Hazleton, Pa. -- Witchcraft, magic and contact with the supernatural are common, perhaps even essential, companions of organized religions because they allow the average person to participate in an otherworldly experience, according to a Penn State folklore researcher.
Recently, many fundamentalist Christians warned that the wizardry contained in J.K. Rowling's Harry Potter books corrupts impressionable young minds. Yet, the lure of the occult, especially for teenagers, is a centuries-old phenomenon and not likely to fade out, says Bill Ellis, associate professor of English and American studies at Penn State's Hazleton campus and author of "Lucifer Ascending: The Occult in Folklore and Popular Culture" (The University of Kentucky Press, 2004).
In the new book, Ellis looks at modern practices that are universally defined as occult, such as carrying a rabbit's foot for good luck or using a Ouija board to contact the dead as well as more esoteric traditions such as the use of "black bibles." In another example, adolescents are fond of nocturnal trysts at graveyards and ritual visits to uncanny places. Some activities are a legitimate cause of concern for parents and community leaders, he notes. But, on the whole, these practices do not spring from an irrational belief in Lucifer or Satan. Witchcraft also is not a closet counter-religion hostile to Christianity, he adds.

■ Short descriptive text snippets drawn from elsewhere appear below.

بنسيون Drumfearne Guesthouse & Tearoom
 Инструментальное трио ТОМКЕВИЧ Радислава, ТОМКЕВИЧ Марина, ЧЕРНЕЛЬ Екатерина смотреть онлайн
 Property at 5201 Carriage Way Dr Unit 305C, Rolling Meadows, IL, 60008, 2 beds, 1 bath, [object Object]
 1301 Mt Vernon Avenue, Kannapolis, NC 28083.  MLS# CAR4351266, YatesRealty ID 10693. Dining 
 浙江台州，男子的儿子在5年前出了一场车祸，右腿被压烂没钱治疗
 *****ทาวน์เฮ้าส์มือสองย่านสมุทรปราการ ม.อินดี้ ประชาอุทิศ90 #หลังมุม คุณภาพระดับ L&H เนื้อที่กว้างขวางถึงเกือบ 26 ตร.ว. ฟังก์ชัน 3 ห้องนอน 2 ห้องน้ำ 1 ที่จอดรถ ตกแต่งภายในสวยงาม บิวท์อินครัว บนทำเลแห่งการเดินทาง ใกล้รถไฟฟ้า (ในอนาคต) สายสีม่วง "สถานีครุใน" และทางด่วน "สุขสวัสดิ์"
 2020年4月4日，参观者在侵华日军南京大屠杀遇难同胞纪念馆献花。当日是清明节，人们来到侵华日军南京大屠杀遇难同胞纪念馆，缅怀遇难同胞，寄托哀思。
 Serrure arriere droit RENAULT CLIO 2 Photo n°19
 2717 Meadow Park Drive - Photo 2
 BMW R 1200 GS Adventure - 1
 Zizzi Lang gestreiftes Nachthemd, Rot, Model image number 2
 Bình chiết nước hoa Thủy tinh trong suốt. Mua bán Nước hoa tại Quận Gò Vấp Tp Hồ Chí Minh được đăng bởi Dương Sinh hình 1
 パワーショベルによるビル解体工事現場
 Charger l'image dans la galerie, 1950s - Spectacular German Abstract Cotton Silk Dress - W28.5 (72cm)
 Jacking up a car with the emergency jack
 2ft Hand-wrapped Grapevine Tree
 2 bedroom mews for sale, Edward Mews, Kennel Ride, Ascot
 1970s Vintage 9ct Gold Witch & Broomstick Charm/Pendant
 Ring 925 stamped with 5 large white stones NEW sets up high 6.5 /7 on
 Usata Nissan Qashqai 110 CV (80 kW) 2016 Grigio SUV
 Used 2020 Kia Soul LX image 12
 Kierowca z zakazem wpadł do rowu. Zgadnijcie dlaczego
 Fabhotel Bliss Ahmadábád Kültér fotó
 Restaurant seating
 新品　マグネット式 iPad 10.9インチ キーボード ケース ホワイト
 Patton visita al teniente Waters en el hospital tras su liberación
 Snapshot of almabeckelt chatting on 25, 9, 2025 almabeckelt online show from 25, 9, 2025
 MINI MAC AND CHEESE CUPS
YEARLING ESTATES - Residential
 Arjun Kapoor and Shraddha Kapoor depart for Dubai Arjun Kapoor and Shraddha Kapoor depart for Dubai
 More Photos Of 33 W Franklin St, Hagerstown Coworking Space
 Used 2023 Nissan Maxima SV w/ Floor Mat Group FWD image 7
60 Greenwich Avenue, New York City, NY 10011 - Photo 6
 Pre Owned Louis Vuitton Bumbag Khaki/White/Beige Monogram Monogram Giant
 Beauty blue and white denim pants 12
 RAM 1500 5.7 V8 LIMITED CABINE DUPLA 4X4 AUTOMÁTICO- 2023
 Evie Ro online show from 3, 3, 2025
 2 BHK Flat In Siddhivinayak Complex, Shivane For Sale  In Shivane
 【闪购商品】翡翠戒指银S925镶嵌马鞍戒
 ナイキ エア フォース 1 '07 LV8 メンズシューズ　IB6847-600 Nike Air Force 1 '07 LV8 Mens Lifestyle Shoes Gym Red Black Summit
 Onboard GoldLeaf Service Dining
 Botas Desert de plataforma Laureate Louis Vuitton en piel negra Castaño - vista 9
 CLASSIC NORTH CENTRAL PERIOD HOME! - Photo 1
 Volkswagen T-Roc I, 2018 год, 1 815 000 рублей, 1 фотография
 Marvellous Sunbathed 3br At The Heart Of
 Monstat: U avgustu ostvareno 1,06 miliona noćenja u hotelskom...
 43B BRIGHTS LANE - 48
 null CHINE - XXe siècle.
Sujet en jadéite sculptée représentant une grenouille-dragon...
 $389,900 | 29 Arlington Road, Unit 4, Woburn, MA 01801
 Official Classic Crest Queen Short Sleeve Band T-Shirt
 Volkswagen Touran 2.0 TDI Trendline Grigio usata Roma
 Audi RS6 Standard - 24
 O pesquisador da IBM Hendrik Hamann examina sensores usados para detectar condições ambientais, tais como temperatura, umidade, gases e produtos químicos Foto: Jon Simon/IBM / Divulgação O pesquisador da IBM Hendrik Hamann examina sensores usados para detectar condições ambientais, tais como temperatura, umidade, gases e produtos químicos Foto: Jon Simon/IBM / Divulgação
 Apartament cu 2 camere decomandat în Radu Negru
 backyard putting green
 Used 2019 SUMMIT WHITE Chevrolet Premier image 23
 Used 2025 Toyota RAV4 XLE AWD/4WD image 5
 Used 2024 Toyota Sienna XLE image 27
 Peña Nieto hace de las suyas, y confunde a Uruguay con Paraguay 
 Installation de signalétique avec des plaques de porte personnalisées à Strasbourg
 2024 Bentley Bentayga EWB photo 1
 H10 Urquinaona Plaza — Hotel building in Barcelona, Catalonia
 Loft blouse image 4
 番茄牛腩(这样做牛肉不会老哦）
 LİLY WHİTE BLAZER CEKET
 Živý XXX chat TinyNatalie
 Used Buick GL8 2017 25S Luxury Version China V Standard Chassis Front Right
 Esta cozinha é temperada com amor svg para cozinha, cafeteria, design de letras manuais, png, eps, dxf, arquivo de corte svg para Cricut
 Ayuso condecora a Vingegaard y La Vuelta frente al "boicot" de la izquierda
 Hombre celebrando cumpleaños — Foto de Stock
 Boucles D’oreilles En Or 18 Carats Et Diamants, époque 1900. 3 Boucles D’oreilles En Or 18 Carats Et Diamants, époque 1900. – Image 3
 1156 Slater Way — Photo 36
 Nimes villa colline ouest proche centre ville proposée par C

The occult complements institutionalized religion by opening the realm of myth to the ordinary person and especially those with the least power and voice in society: children, women, and the poor and disenfranchised, adds the Penn State researcher.
"The occult challenges the conservative social standards and dictates of religion, thus forcing it to come to terms with the totality of human experience, at times checking or repressing it. At other times the occult finds ways to incorporate it into its own practices," Ellis says. "Religion, in turn, provides a stable ground and safe destination for those wishing to experiment with alternative points of view, even alternative states of consciousness."
The Penn State researcher notes, "It is no accident that the occult and religion perpetually attract each other, but without either ever absorbing or destroying the other. As a common bumper sticker notes, religion tries to become a magic device for turning unanswerable questions into unquestionable answers. Magic, we could say, makes the process reciprocal, questioning what religion tries to make unquestionable and proposing a wider range of answers to the unanswerable."
An active member of the Lutheran Church, Ellis has served as president of the International Society for Contemporary Legend Research and of the Folk Narrative Section and Children's Folklore Section of the American Folklore Society.